Acacia cowleana, commonly known as Halls Creek wattle, and other names in Australian Aboriginal languages, is a species of flowering plant in the family Fabaceae and is endemic to northern Australia. It is an erect, openly branched, sometimes spindly shrub or tree with leathery, more or less sickle-shaped phyllodes, spikes of bright golden yellow flowers and linear, papery to leathery pods.

==Description==
Acacia cowleana is an open branched, sometimes spindly shrub that typically grows to a height of 1.5–3 m, sometimes a tree to 8 m and has branchlets covered with minute, silky hairs. Its new shoots are initially encrusted with dark brown resin that hides the underlying hairs. The phyllodes are usually more or less sickle-shaped, 120–200 mm long, 14–36 mm wide and leathery, silvery green or greyish green to more or less glaucous with many longitudinal veins. The flowers are bright golden yellow and borne in one or two spikes 30–50 mm long on peduncles 3–10 mm long. Flowering occurs from late May to September, and the pods are linear, straight to curved, 3.5–5 mm wide and papery to leathery, containing glossy dark brown to black oblong seeds, 3.5–5 mm long with a yellow aril.

==Taxonomy and naming==
Acacia cowleana was first formally described in 1896 by Ralph Tate in the Report on the work of the Horn Scientific Expedition to Central Australia. The specific epithet (cowleana) "is in compliment to Trooper Cowle, who conducted a section of our party to Mount Olga, and in various other ways promoted the scientific objects of our expedition".

This species is known as alerrey in the Arrernte language, alkart in the Anmatyerr language, barrabi in the language of the Djaru people, elkerte in the Kaytetye language, kilkiti in the Pintupi dialect and as kalkiarti in the
Warlpiri language.

===Distribution and habitat===
Halls Creek wattle is found in the north of Western Australia, the Northern Territory, central Queensland and in northern New South Wales.
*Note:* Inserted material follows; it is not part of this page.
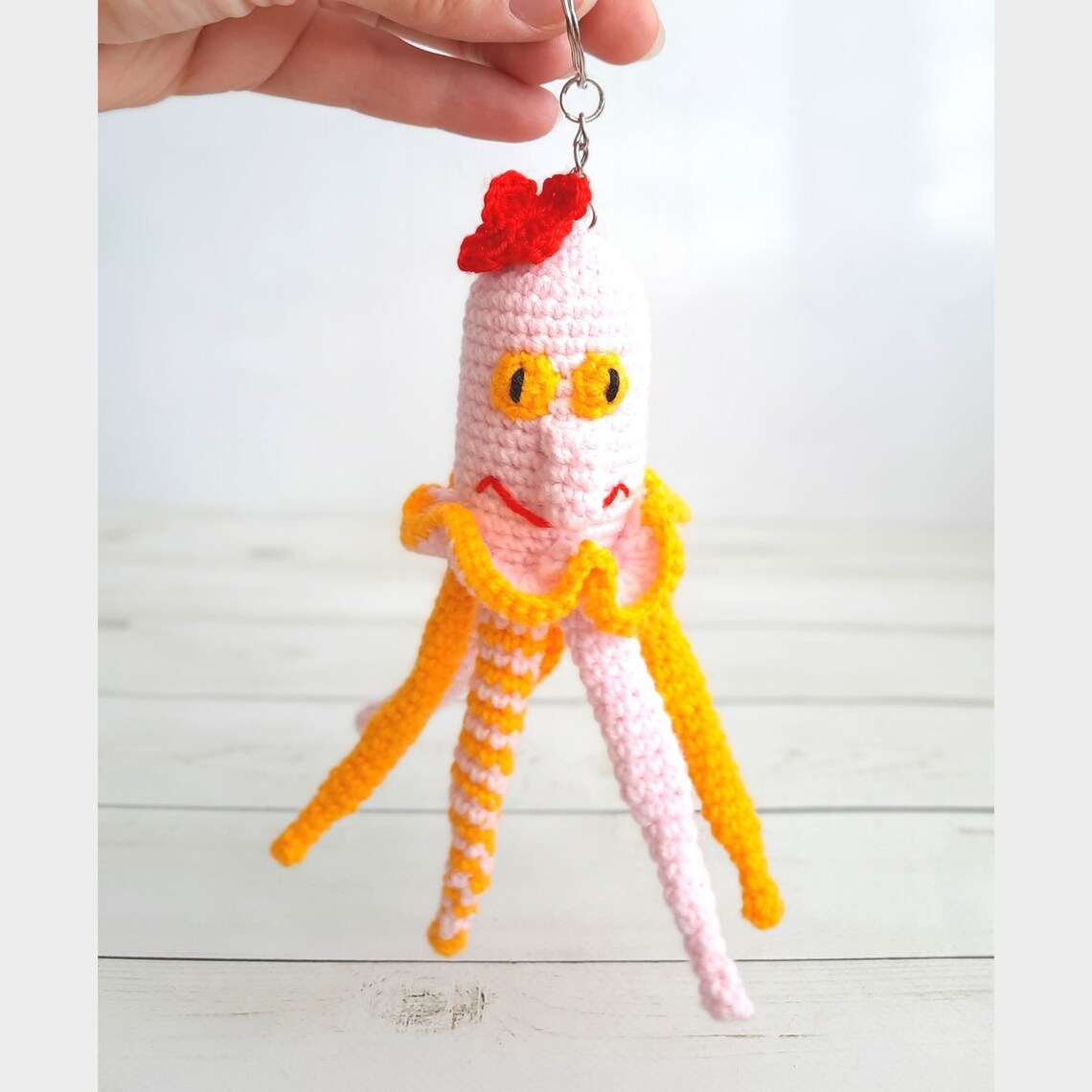 Crochet pattern octopus keychain / Squidward pattern / Ocean Etsy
It grows in a variety of soils, often along drainage lines, on rocky or gravelly ranges and foothills, often with Triodia species.

==Conservation status==
Acacia cowleana is listed as "not threatened" by the Government of Western Australia Department of Biodiversity, Conservation and Attractions, as of "least concern" under the Northern Territory Government Territory Parks and Wildlife Conservation Act and the Queensland Government Nature Conservation Act 1992.